Based on the correlation between the pattern-moving and cell spaces in Figure 3, a system description with improved GCM can be expressed as:

$$\left\{\begin{array}{c}dx(k+1)=M\left[\widetilde{dx}(k+1)\right]\hfill \\ =M\left\{C\left[dx\right(k),dx(k-1),\cdots ,dx(k-n)\right.\hfill \\ \left.u(k-\tau ),u(k-\tau -1),\cdots ,u(k-\tau -m)]\right\}\hfill \\ \widetilde{dx}(k+1)\in \{{\widetilde{dx}}_{max}(k+1),{\widetilde{dx}}_{min}(k+1),z^{*}\}\hfill \\ d{x}_i(k+1)\sim U(c_i,c_i+r_i).\hfill \end{array}\right.$$

(39)

where $M(·)$ denotes the classification of prediction pattern class variable $\widetilde{dx}(k+1)$, C is a generalized cell function that refers to the ARMAX, the value of $\widetilde{dx}(k+1)$ can be acquired in set $\{{\widetilde{dx}}_{max}(k+1),{\widetilde{dx}}_{min}(k+1),z^{*}\}$ at time $k+1$. It should be noted that $\widetilde{dx}(k+1)$ and $dx(k+1)$ were defined as a pre-image cell and an image cell with respect to the cell space, respectively. Here, the pre-image follows the uniform distribution $U(c_i,c_i+r_i)$, when the specific number of dimensions i is selected. Then, another k is set to $k=(0,1,2,3,\cdots ,k-n)$, and $z^{*}$ is the sink cell of the system, which satisfies $z^{*}=C\left(z^{*}\right)$ with $k⟶\infty$ meaning that we obtained the mean of ${\widetilde{dx}}_{max}(k+1)$ and ${\widetilde{dx}}_{min}(k+1)$.

We need to point out that the mapping calculation between two spaces is an iterative scheme by means of a generalised cell metric and classification mapping. In particular, as shown in the pattern-moving space in time k, the pattern variable $dx\left(k\right)$ and class radius $r_k$ are obtained, then they are mapped to the cell space by GCM, and the corresponding initial predictions can be gathered at the same time, such as ${\widetilde{dx}}_{max}\left(k\right)$ and ${\widetilde{dx}}_{min}\left(k\right)$. The classification mapping $M(·)$ to the pattern-moving space is designed to estimate $dx(k+1)$ at once. On the whole, the dynamic evolution of a complicated system can be described adequately by Equation (39) in the pattern-moving space.

If proper search and storing algorithms are developed, GCM may capture extra movement features of the system in addition to obtaining the system predictions using Equation (39)’s mapping. Therefore, a global analysis with clustered GCM is presented in the following.

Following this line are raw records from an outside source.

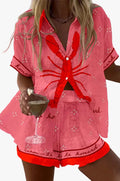Women's Woven Short Set with Button-Front Shirt and Collar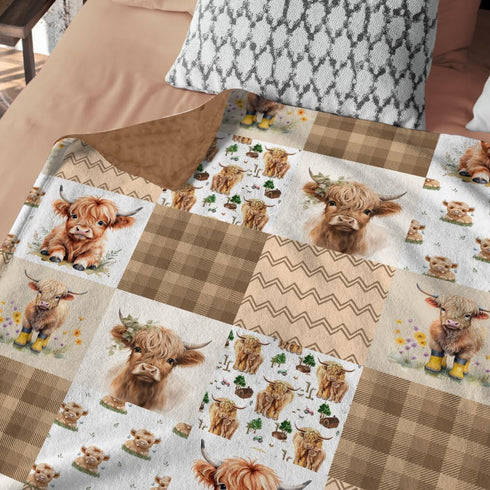 Highland Cow Baby Blanket, Western Minky Blankets for Boys Girls, Nursery Room Decor, Soft Warm Lightweight Nursery Bed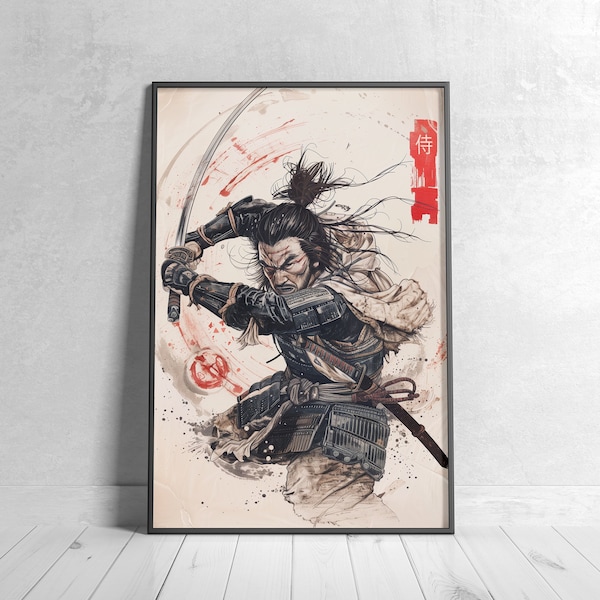 Moody Samurai Warrior Print, Digital Download, Printable Wall Art, Japanese Culture Home Decor, Samurai Katana Wall Art, Trendy Japanese Art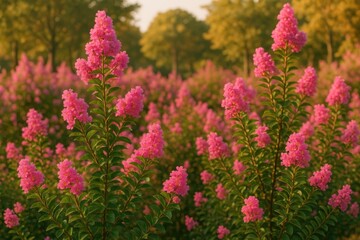 Vibrant pink blossoms flourish among lush water-loving plants and trees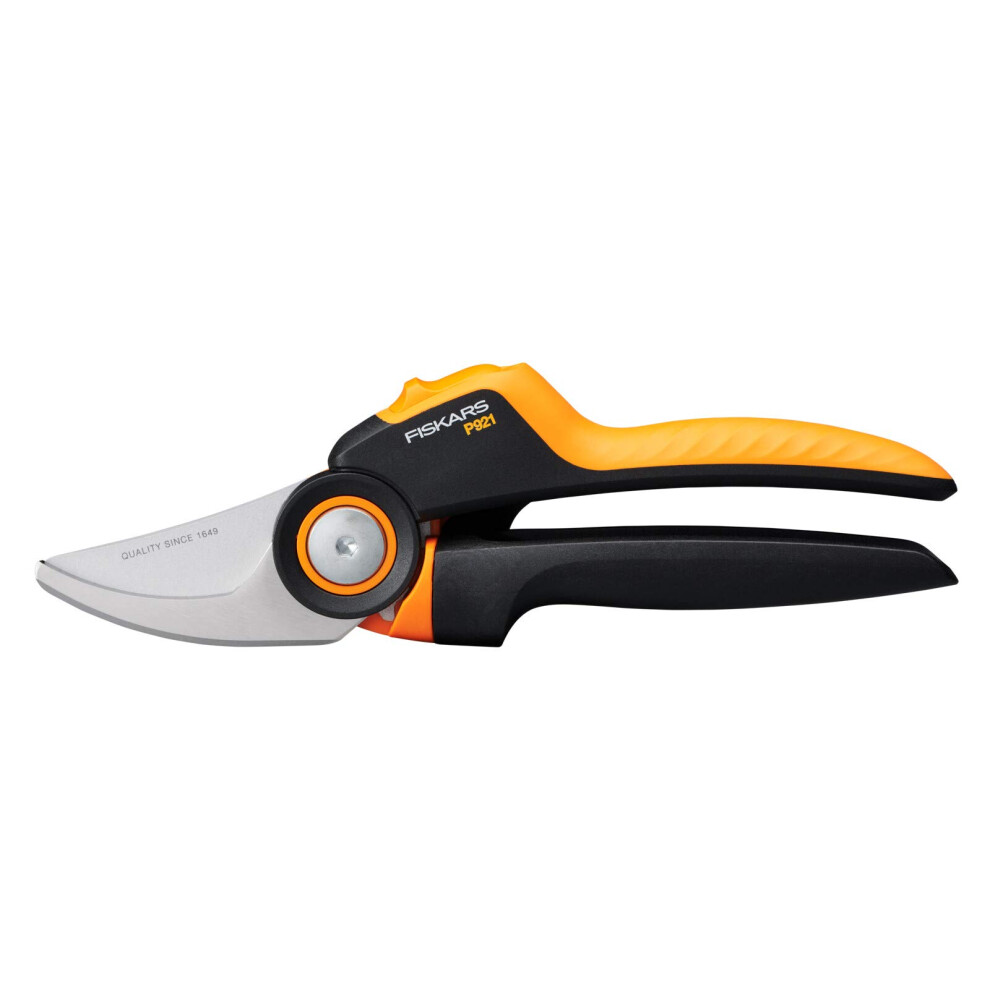 Fiskars Bypass Garden Pruners M, X-series PowerGear, P921, With rolling handle, For fresh branches and twigs, Non-stick coated, Stainless steel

3.3. System’s Global Analysis with Clustered GCM

GCM is an expansion of simple cell mapping, which can better reveal the statistical rules concerning the system built around a Markov chain. Additionally, the objective of invariant sets and the global analysis of nonlinear dynamical systems is to find instability solutions as well as invariant set zones of attractions. Thus, the cell mappings across the whole cell space are vital for the global analysis. GCM can be attempted for a global analysis of dynamical systems with moderately large dimensions, as is demonstrated in a later step, thanks to parallel computing.

GCM emanates from a directed graph: the closed, connecting cell groups in GCM make up the persistent groups, on which the depth-first search (DFS) technique is performed to figure out whether groups are persistent [29]. However, in graph theory, the strongly connected components (SCC) decomposing technique is an alternative to the DFS. SCC search visits a cell only once and is thus quite efficient. The computational cost of the SCC technique exceeds O(E + V) in which E and V are the number of edges and nodes in a graph. This approach enables the discovery of both stable and unstable manifold solutions that explore the GCM using inverse methodologies [30,31,32]. (See Algorithm 2).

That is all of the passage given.